Last week, HONK Technologies announced the launch of an on-scene accident information solution, FirstOnScene, which allows tow operators from the HONK network to capture photos and videos and collect data on the scene of an accident. That data will then be analyzed by third-party AI estimating systems to give a quick estimate of the damage.
That information, depending on who called for the tow truck, can then be sent to insurance carriers or body shops for assessment.
Many in the collision repair space, mainly shop owners, are concerned about the implementation of AI in estimating. So why could this service benefit repair shops? ADAPT Automotive chatted with Rochelle Thielen, HONK’s chief revenue office, to find out.
Cut the clutter
Before working for HONK, Thielen came from a claims background, working for Mitchell and then as the CEO of Estify. As such, Thielen is very familiar with the practices and processes of body shops.
Among the struggles she saw from body shops during her time working with them was an influx of cars coming into the garage that couldn’t be repaired. FirstOnScene should help that.
“Collision repair shops only want vehicles in their shops that can be repaired. The rest of it is just wasting space,” she said. “This will prevent that from happening.”

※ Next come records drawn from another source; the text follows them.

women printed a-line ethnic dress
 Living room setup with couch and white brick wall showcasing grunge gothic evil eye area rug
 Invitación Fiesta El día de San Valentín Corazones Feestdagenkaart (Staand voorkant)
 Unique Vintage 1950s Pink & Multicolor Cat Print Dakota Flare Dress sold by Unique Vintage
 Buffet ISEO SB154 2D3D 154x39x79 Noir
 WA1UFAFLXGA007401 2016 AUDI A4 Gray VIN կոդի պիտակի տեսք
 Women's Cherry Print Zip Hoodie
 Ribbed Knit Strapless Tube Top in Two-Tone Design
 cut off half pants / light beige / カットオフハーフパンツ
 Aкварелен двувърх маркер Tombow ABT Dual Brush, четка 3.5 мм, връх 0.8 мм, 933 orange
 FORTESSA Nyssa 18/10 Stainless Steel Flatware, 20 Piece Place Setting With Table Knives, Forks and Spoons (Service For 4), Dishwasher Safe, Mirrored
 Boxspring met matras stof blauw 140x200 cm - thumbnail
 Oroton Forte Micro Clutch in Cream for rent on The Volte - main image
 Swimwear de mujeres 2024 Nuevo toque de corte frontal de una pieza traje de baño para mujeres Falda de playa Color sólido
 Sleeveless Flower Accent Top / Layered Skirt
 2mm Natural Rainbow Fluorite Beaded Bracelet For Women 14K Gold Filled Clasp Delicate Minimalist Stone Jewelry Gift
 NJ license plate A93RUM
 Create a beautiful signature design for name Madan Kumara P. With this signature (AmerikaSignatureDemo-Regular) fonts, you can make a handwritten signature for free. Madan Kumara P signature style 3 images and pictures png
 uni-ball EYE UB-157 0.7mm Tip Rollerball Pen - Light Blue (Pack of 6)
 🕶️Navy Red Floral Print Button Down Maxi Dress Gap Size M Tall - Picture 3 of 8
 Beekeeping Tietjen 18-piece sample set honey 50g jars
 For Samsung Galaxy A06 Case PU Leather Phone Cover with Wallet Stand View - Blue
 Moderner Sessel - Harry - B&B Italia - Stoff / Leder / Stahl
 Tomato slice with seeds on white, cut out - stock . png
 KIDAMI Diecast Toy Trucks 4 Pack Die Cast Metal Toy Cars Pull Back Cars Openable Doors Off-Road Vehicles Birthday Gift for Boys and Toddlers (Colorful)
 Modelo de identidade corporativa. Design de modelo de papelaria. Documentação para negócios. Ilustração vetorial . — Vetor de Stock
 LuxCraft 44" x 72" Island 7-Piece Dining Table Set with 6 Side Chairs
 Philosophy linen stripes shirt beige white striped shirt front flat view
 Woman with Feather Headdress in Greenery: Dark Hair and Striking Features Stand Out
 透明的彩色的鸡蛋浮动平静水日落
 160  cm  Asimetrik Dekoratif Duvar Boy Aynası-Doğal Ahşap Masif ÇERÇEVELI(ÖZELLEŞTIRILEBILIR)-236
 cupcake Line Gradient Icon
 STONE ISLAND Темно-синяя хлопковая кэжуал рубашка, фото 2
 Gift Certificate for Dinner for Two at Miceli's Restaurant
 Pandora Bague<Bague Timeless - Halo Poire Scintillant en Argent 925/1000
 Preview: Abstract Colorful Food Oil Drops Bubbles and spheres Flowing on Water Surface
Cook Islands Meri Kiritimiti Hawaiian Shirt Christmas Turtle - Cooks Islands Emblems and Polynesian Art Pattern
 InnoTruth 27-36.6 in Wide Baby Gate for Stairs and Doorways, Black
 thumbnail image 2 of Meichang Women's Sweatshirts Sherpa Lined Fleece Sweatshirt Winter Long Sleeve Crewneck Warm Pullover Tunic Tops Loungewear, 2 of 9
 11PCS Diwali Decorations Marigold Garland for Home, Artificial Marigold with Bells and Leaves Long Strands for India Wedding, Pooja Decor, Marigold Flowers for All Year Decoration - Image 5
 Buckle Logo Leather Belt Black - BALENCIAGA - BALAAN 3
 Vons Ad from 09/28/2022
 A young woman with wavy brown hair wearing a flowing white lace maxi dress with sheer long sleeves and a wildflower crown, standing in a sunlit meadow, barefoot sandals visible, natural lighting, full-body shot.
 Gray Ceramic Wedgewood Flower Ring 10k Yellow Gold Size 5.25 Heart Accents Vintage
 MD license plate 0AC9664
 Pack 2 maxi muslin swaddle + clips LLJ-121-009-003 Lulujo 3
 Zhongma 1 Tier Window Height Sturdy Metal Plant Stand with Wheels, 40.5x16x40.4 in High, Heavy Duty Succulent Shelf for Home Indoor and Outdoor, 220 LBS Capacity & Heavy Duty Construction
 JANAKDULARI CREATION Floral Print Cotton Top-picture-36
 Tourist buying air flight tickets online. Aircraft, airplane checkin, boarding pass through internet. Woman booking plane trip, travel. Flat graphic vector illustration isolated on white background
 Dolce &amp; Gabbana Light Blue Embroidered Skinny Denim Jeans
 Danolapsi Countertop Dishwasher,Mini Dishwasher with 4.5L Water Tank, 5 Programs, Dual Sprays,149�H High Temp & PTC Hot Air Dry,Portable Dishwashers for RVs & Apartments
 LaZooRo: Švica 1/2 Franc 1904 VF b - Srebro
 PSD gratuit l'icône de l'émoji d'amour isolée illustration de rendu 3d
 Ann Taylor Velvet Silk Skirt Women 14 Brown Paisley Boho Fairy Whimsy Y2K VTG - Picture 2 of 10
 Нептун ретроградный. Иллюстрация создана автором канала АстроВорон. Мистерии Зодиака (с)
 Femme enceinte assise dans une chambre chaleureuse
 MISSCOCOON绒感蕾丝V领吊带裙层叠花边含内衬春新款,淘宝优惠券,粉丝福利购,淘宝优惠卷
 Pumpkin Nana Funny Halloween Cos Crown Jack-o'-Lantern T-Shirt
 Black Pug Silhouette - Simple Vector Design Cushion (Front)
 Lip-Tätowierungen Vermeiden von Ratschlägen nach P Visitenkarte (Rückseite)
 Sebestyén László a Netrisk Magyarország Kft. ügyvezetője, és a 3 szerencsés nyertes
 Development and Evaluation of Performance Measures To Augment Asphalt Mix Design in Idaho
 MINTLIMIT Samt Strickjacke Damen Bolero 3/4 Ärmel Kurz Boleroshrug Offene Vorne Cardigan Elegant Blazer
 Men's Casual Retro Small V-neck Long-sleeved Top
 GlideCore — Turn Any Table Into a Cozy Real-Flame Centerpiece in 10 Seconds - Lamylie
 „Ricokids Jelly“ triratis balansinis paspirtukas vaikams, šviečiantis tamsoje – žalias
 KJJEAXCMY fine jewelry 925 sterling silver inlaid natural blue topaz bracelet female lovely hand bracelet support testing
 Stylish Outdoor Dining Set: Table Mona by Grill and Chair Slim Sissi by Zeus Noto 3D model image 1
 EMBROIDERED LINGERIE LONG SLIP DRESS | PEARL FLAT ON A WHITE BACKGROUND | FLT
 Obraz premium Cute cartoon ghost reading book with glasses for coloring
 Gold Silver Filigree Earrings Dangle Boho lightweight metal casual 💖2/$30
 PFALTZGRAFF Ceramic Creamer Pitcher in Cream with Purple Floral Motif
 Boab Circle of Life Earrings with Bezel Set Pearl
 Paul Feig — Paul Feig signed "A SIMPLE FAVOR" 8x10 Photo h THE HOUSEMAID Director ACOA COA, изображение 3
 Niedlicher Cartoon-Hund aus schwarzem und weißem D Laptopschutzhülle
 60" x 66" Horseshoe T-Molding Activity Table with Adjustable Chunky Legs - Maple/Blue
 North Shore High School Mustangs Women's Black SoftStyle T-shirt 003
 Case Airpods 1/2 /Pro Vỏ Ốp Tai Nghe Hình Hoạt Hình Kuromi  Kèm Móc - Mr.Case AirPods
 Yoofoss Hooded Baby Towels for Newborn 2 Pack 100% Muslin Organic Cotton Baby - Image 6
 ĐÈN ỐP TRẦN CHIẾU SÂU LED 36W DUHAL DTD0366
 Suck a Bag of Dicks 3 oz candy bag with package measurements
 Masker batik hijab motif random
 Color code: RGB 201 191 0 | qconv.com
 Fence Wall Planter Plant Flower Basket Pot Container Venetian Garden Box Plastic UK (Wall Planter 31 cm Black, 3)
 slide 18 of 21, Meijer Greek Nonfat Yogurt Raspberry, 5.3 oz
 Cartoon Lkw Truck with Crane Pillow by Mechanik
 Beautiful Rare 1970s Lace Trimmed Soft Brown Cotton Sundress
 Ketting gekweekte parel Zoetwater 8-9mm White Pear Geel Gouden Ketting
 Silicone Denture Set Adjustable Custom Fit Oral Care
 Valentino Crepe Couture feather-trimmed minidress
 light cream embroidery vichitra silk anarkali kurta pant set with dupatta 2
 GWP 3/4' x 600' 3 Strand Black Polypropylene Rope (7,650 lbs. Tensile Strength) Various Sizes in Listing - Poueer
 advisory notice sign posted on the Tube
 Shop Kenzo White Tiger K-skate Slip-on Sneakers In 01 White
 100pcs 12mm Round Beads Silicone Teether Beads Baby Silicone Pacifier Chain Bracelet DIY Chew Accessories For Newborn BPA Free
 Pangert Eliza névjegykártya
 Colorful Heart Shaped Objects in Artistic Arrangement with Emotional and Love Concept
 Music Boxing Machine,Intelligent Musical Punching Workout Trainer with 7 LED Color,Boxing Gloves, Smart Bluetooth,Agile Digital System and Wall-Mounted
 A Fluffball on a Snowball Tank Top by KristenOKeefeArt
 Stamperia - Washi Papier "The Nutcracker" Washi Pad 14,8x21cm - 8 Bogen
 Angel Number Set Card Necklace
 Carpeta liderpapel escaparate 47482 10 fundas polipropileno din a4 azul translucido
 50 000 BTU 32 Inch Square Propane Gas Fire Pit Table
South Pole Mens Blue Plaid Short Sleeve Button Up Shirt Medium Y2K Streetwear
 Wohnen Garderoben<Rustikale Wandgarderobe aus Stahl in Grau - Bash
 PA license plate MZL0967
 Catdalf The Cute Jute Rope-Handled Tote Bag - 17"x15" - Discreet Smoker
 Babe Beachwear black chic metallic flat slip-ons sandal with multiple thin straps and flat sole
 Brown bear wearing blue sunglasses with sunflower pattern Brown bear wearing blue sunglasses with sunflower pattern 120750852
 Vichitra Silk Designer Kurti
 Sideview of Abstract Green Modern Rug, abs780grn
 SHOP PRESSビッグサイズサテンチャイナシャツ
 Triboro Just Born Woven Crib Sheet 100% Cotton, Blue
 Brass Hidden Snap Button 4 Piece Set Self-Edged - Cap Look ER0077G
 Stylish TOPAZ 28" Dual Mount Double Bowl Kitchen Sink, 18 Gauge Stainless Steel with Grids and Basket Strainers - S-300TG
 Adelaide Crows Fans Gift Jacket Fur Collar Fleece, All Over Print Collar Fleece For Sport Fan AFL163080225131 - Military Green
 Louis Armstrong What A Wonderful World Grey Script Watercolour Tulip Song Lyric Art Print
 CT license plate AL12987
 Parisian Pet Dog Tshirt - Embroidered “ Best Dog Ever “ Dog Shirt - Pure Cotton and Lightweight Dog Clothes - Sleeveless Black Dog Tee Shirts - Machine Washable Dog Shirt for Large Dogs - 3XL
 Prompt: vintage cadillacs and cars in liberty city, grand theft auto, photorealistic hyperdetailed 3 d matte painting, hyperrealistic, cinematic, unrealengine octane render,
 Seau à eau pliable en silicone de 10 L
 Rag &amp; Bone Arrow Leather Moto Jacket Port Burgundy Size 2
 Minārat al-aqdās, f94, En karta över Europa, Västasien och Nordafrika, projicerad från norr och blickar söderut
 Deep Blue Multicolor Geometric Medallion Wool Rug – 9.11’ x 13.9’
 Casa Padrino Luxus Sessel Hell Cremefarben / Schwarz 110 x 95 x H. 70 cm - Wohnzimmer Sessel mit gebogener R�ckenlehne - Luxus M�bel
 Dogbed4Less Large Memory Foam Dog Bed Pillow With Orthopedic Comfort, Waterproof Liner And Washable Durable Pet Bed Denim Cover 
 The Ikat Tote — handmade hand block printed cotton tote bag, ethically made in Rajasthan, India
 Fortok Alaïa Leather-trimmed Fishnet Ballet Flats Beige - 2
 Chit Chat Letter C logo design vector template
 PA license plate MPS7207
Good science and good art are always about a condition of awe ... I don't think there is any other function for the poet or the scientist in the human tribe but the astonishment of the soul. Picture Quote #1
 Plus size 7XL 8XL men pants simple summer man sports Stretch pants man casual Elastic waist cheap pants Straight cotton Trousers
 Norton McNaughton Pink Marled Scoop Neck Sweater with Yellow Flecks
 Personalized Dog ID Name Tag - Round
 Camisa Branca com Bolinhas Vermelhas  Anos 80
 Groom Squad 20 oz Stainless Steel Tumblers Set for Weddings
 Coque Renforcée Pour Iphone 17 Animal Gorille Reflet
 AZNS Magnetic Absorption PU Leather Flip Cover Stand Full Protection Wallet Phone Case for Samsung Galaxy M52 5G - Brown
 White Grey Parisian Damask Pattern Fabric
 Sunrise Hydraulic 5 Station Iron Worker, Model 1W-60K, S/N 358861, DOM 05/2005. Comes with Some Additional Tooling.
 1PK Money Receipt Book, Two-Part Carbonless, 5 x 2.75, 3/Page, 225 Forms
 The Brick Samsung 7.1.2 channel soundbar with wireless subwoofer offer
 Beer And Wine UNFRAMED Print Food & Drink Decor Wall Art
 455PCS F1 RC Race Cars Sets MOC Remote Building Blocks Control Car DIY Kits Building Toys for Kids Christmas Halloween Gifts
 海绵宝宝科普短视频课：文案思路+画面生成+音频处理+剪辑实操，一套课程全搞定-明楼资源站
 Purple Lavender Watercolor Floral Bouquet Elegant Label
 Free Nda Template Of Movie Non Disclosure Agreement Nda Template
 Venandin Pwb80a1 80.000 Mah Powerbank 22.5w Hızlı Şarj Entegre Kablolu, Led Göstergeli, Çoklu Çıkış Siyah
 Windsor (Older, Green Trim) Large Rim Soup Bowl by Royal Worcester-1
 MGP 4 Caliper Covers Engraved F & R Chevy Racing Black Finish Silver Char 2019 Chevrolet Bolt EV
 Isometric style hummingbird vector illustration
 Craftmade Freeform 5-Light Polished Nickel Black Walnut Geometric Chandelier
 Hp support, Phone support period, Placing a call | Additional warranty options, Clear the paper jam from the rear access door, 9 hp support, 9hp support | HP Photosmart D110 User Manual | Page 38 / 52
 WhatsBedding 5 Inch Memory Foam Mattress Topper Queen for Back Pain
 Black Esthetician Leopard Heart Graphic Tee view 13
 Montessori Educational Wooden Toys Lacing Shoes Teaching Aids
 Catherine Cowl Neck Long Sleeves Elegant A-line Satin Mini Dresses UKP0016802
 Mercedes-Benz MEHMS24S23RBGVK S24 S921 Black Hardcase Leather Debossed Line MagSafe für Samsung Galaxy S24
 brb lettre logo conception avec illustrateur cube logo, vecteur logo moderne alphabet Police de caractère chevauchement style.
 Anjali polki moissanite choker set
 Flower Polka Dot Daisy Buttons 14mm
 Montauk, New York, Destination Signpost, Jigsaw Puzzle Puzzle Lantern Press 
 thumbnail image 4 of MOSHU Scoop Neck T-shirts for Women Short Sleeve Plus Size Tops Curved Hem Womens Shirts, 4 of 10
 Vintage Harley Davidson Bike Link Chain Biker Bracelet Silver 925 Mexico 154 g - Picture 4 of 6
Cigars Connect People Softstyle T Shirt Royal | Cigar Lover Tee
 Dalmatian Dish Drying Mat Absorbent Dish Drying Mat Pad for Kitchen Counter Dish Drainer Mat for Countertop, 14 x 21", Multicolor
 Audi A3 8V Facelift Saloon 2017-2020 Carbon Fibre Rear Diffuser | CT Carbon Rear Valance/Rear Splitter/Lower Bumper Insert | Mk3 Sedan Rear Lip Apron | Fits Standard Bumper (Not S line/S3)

By allowing tow truck operators, who are also intimately familiar with on-scene accidents, take photos and collect information about the vehicle, it reduces the likelihood of an obvious total entering the garage. Allowing an estimate to be written and analyzed before it even enters the shop gives collision repair shops an idea of if they want to take it on.
For MSOs, it can also help route vehicles to specific locations, if one is more equipped to handle a certain repair, rather than it landing at one location and then becoming the responsibility of that shop to transporte it to a different facility.
If the AI-generated estimate reveals obvious repairs, the service could also help shops proactively order parts. Thielen could not disclose which third-party AI estimating systems the service would work with, but called FirstOnScene “system agnostic,” adding that most, if not all, of the top estimating companies will be compatible with the product.
Effect on DRPs vs. Non-DRPs
According to Thielen, HONK will relay the information it gets on-scene to whichever party called for the tow. In most cases during an accident, the people involved will call their insurance company and ask next steps. That is usually when the insurance company will help send out a tow truck to help move the vehicle. If that is the case, the data HONK collects goes to the insurance company.
For shops with DRPs, that could signal work being sent to them that already has an estimate generated for them. The service should only help push work to their shops.
If, however, the call for a tow truck is initiated by the shop, the data would then go to them. So for non-DRP shops, the service incentivizes them to get involved with tow truck companies and develop a relationship. It’s something shops aren’t doing enough, Thielen said.
“It’s such a black hole the collision space hasn’t taken advantage of,” Thielen said. “I’m really interested, as this comes to light, how and when the collision operators start to look to tow providers as someone that is more than just moving a vehicle and instead using them to leverage for their own benefit.”